Last update: June 25th, 2019 at 3:00 pm
From farms and forests to wetlands and urban areas, southern Florida packs many diverse landscapes into a relatively small area. The dense Miami-Fort Lauderdale urban corridor lines the Atlantic Coast with block after block of silver in this scene acquired by the Landsat 5 satellite on November 10, 2011. The wetlands of the Everglades fill the southwestern quadrant of the image, a combination of muddy water (brown) and clear water (black). Green squares in the top center portion of the image are farms, and the uneven patches of dark green in the upper right are forests.
Viewing the scene in a different light reveals features that are difficult to see in visible light, such as the role of fire in managing agriculture. The image below combines green, near infrared, and shortwave infrared light. In this false-color band combination, plant-covered land is bright green, water is black, and bare earth ranges from tan to pink. Newly burned farmland is dark red, while older burns are lighter red. Much of the farmland in this area is used to grow sugar cane. Farmers burn the crop before harvest to remove leaves from the canes. Because burned land stands out so vividly in this kind of false-color image, it is possible to see how extensively farmers rely on fire in this region.
This false-color view also reveals how water flows through the Northern Everglades. Green islands punctuate the wetlands, which are black and blue. These are tree islands that are hard to distinguish in natural color. Their orientation aligns with the flow of the water, highlighting direction that is not obvious in the natural color image. It is also easier to see the extent of the wetlands against surrounding land, since water is dark in this view and plant-covered land is bright green. The adjoining urban area is purple.
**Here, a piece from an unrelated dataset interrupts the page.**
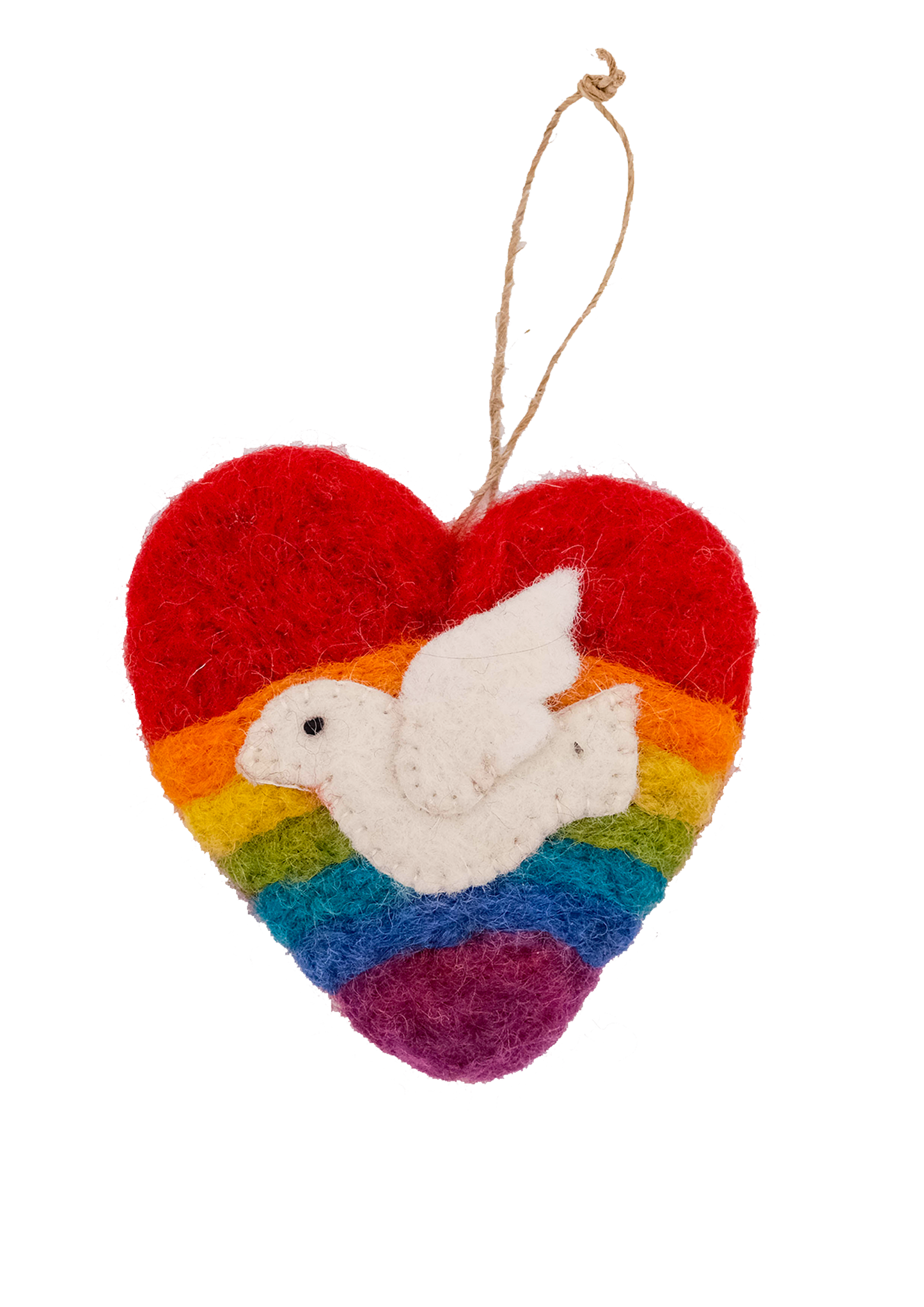 This Global Groove Life, handmade, ethical, fair trade, eco-friendly, sustainable, rainbow dove heart ornament was created by artisans in Kathmandu Nepal and will bring colorful warmth and fun to your Christmas tree this season.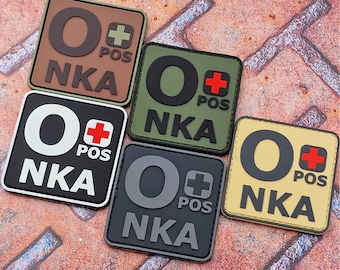 OPOS NKA Blood Type Allergies PVC Patch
The third image shows the scene in green, red, and near infrared light. Plants are dark red because they reflect infrared light strongly, and the infrared band is assigned to be red. That means that this type of false-color image can help us see how well plants are growing and how densely vegetated an area is. Plants that are growing quickly (such as developing crops) reflect more infrared, so they are brighter red. Dense vegetation is dark red. Patches of dark red in the upper left corner of the image are Cyprus forest. Water is black and blue, and urban areas—including Miami, Fort Lauderdale, and West Palm Beach—are silver.
The series of Landsat images illustrates why you might want to see the world in false color. A related animation shows how the images were made. Read more: Why is that Forest Red and that Cloud Blue? How to Interpret a False-Color Satellite Image.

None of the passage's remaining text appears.